Picnic Basket Cases

I came across an interesting parallel to Cassidy’s nonsense recently. Apparently, beginning in the 1990s with a hoax email, many people in the USA have been persuaded that the use of the word picnic is racist. The email claimed that the term originally referred to a lynching, where southern bigots randomly ‘picked a negro’ to lynch and brought the whole family out to eat fried chicken and drink mint juleps in the southern sun.
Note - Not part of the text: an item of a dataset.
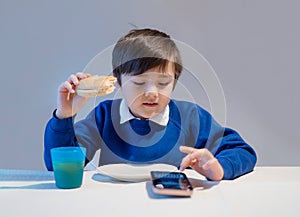 School kid eating homemade burger and typing on mobile phone, Hungry boy eating homemade bread sandwiches for his lunch, Child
In an excellent article in Black Voice News (http://www.blackvoicenews.com/more-sections/commentary/41888-an-urban-legend-that-binds-us-the-word-picnic-.html) by Richard O. Jones, the author describes his distaste at being sent a similar email (apparently not the original hoax but someone else spreading this nonsense independently). Here is part of the email he received:

This e-mail is being sent to you as a public service announcement and as information in the form of a little known Black History Fact. This information can also be found in the African American Archives at the Smithsonian Institute. Although not taught in American learning institutions and literature, it is noted in most Black history professional circles and literature that the origin of the term “picnic” derives from the acts of lynching African-Americans. The word “picnic” is rooted from the whole theme of “Pick A Nigger.” This is where individuals would “pic” a Black person to lynch and make this into a family gathering. There would be music and a “picnic.” (“Nic” being the white acronym for “nigger.”) Scenes of this were depicted in the movie “Rosewood.”

We should choose to use the word “barbecue” or “outing” instead of the word “picnic.” Please forward this e-mail to your family and friends and let’s educate our people.

Jones’s comment is just as applicable to the garbage spread by Cassidy and his asinine followers as it is to the case of picnic:

I don’t wish to misinform my friends and family with the likes of another vicious Internet hoax. Many Black people are too quick to believe negative rumors; therefore, I refuse to contribute to national ignorance. These type of hoaxes only serve to make Black people look stupid and by no means is an advancement in education. It is too easy to go to the library and research the origin of words in dictionaries and/or encyclopedias to believe and spread every bit of garbage that comes through cyberspace.

As Jones so rightly says, in the case of picnic  just as in Cassidy’s ridiculous claims, it is very easy to disprove this rubbish. Piquenique originated in France in the 17th century. It has no connection to the American south and nothing to do with black history. The worst thing is that lynching was a real phenomenon. In fact, it still is, though a gun seems to be the weapon of choice now rather than a rope.  Denial of this supposed etymology of picnic doesn’t mean that you are denying lynching or the evils of racism. And denying the validity of Cassidy’s claims about the Irish origins of hundreds of English words doesn’t mean that you are denying the value of the Irish language or supporting an elite of WASPs against your ancestral culture. In fact, it is Cassidy’s supporters who are betraying our language and our culture out of a misplaced loyalty to an ignorant charlatan, just as supporters of the racist picnic idea are allowing themselves to be manipulated by a person or persons unknown whose agenda, whatever it is, has nothing to do with the truth.